0

I have a data frame where the rows represent objects and columns are object features.

I am trying to compute the cosine similarity of the objects, when I run the code it seems to work just fine, however when I sort the distances, the closets objects all have a distance of 0, which would only be possible if their vectors were the same, which is not the case.

I, looked into the data output and it seems that any number that has a precision beyond E-16 just goes to 0 (its shows as 0 both in the terminal print out and also in the csv file output)

The columns are float64 format.

How can I show greater precision?

For reference here is the code I am running:

import pandas as pd
from scipy.spatial.distance import pdist
from scipy.spatial.distance import squareform

dfe = pd.read_csv('file.csv')

dfe = dfe.set_index('object')

dfe = dfe.fillna(dfe.mean())

pairwise = pd.DataFrame(squareform(pdist(dfe, metric='cosine')),columns = dfe.index,index = dfe.index)

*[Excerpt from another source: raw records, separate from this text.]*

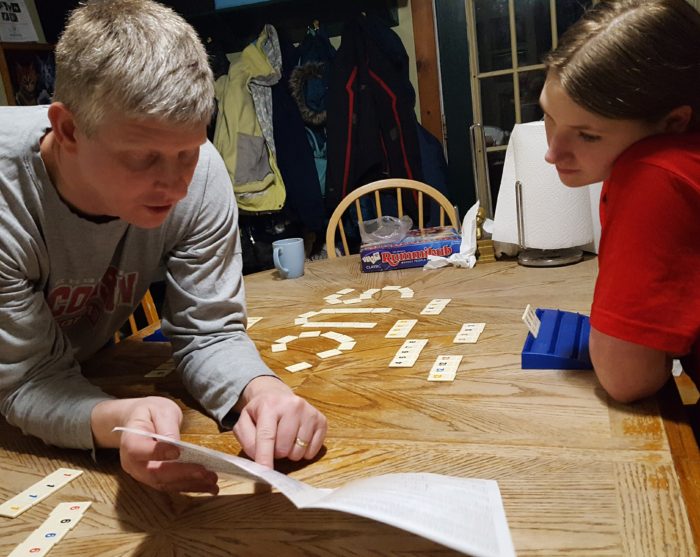 Dad reading rules to his teen daughter playing Rummikub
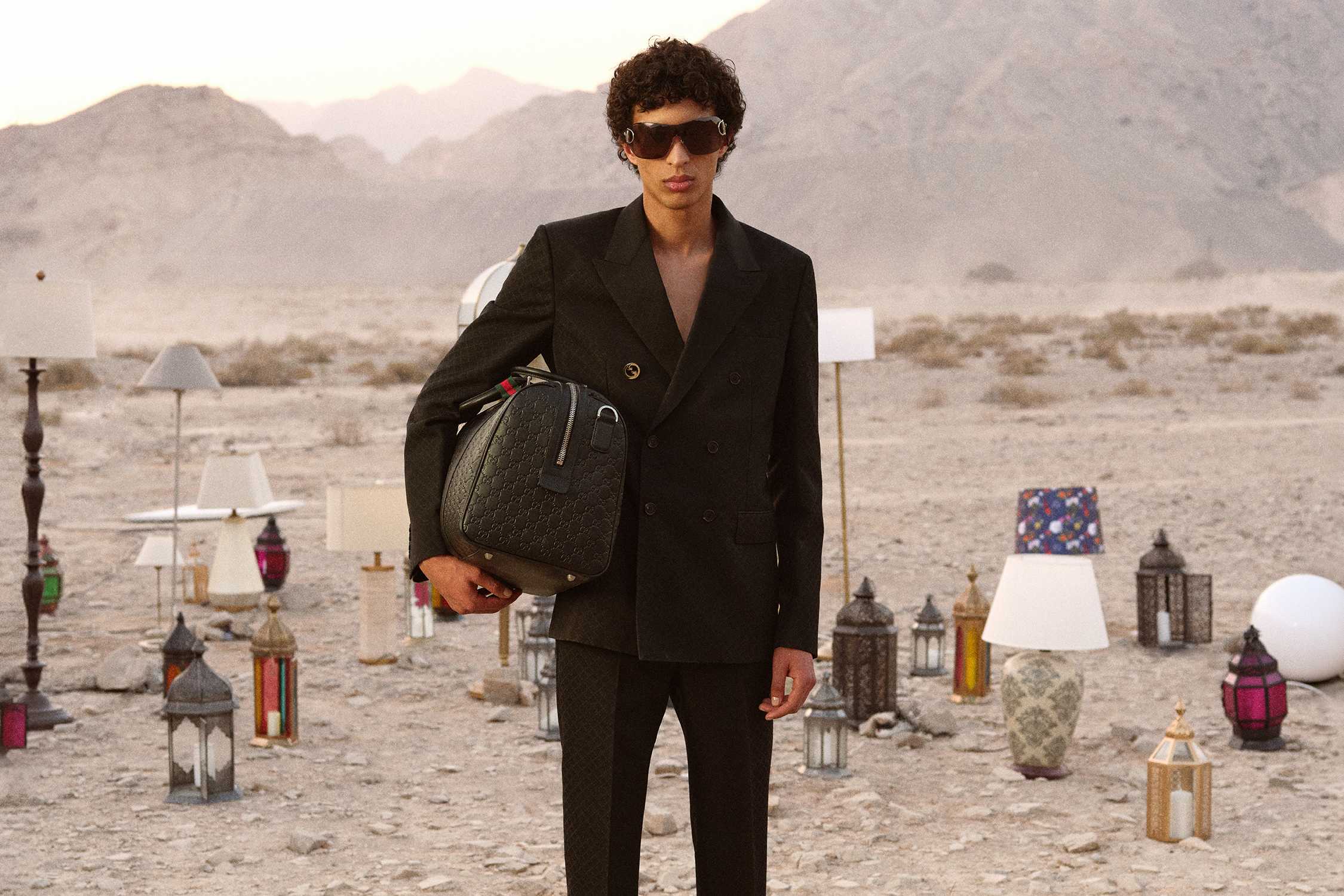 Black Gucci bag and sunglasses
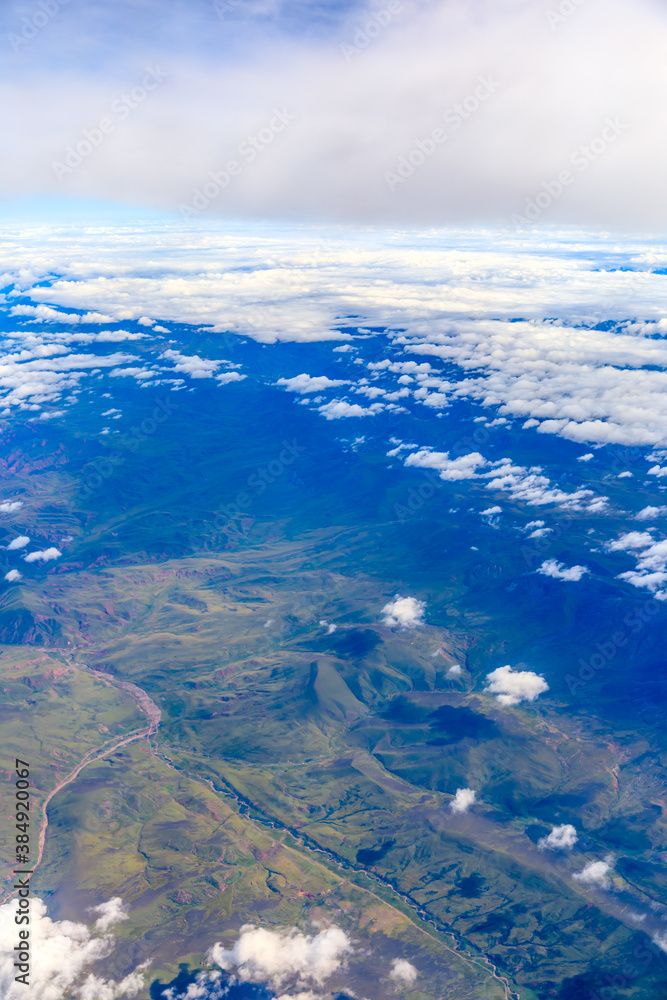 Aerial view above the clouds and mountain peaks on a sunny day.mountain view from airplane. Aerial view above the clouds and mountain peaks on a sunny day.mountain view from airplane.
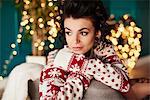Young woman sitting at home, wearing christmas jumper, thoughtful expression
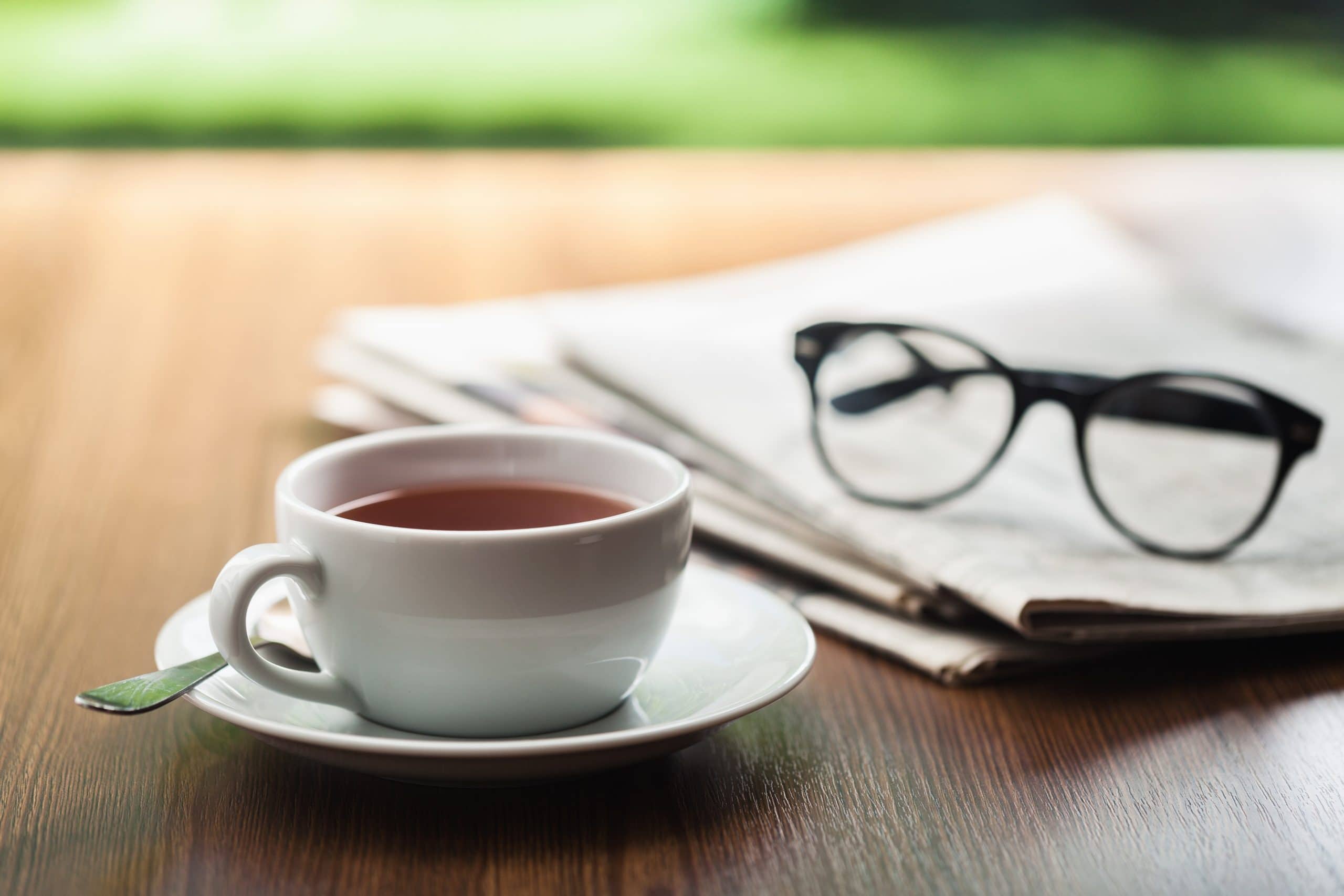 Eine Tasse Kaffee steht auf einem Holztisch neben einer Zeitung und eine Lesebrille.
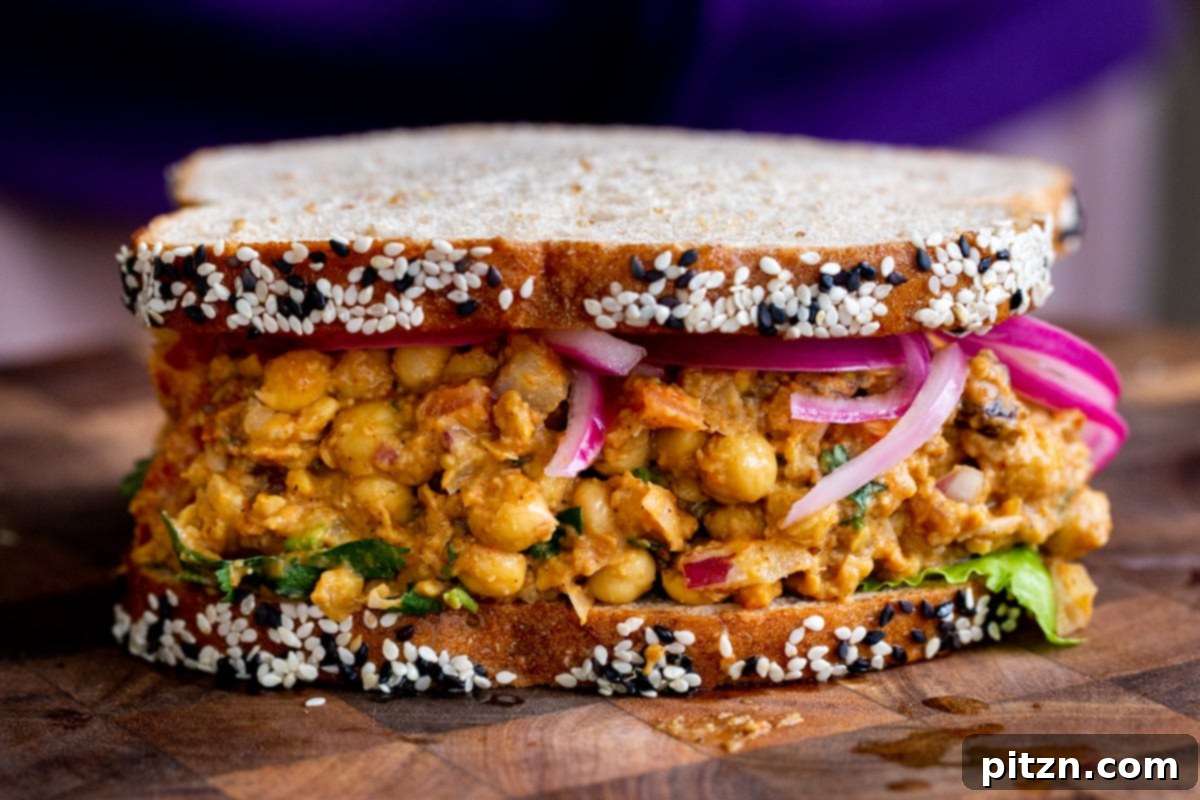 Side view of a healthy vegan curried chickpea salad sandwich on a rustic chopping board, ready to be served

long_form = pairwise.unstack()

long_form.index.rename(['object_1', 'object_2'], inplace=True)
long_form = long_form.to_frame('distance').reset_index()
Mustard Tiger
  • 3,520
  • 8
  • 43
  • 68

1 Answers1

0

If you mean that you get 0 when you try to get difference between two elements, and get 0 when elements differ by less than 1e-16, that's the float64 precision limit. See for example print(1+1e-16). Information about this is available using numpy.finfo(numpy.float).

You should try using higher precision dtypes. For example:

dfe =  pd.read_csv('file.csv').astype(numpy.float128)

If the result of the squareform stays of the float64 dtype, you should update your scipy library to a later version.

Dimitry
  • 2,204
  • 1
  • 16
  • 24